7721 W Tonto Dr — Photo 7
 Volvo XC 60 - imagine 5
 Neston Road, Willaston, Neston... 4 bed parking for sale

· · · ·

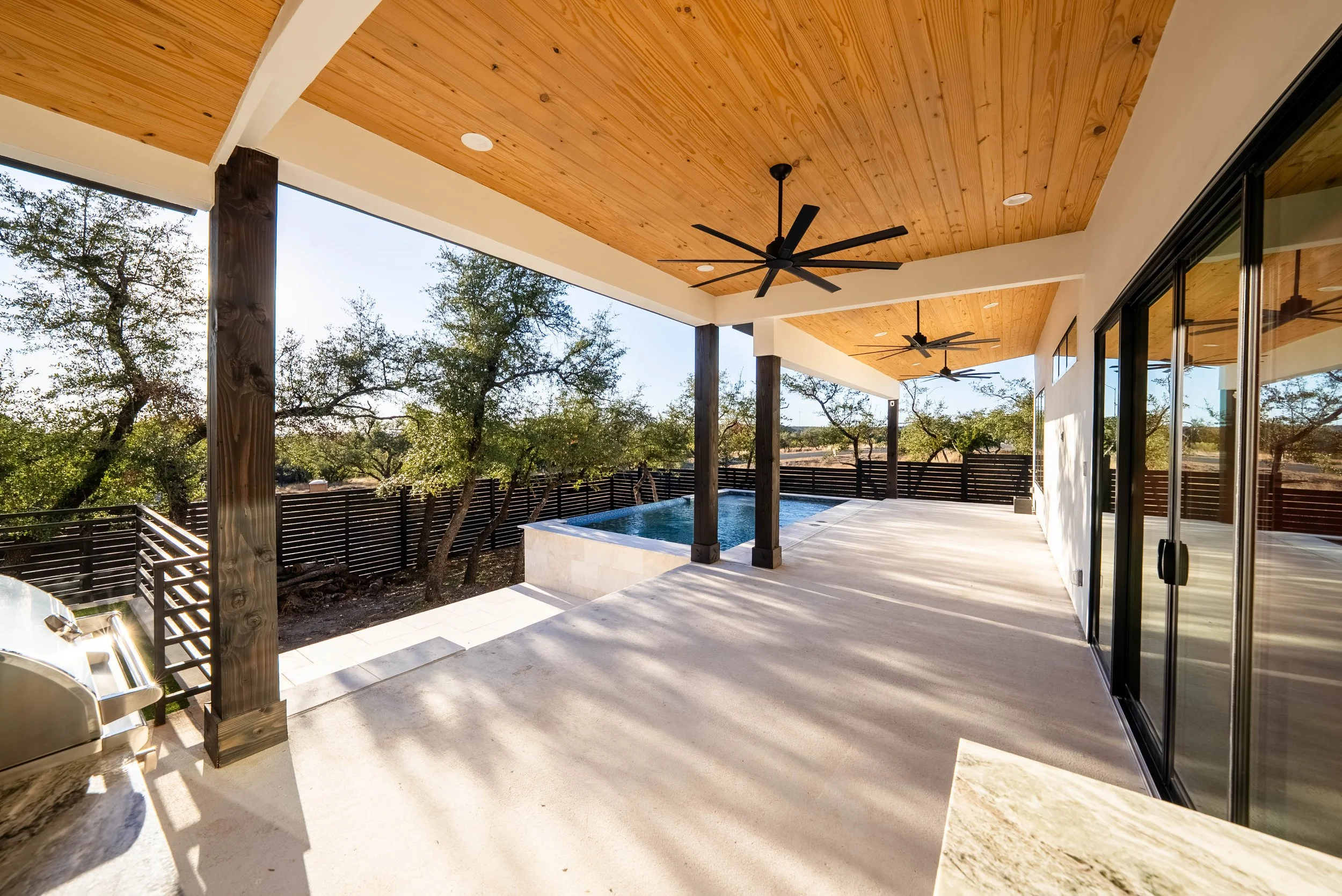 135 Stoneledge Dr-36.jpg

· · · ·

> **About this exercise**:
Both end lines included, restate word for word the lines above from the line with "7721 W Tonto Dr — Photo 7" to the line with "Neston Road, Willaston, Neston...", and nothing else.

> **Response to the task**:
7721 W Tonto Dr — Photo 7
 Volvo XC 60 - imagine 5
 Neston Road, Willaston, Neston... 4 bed parking for sale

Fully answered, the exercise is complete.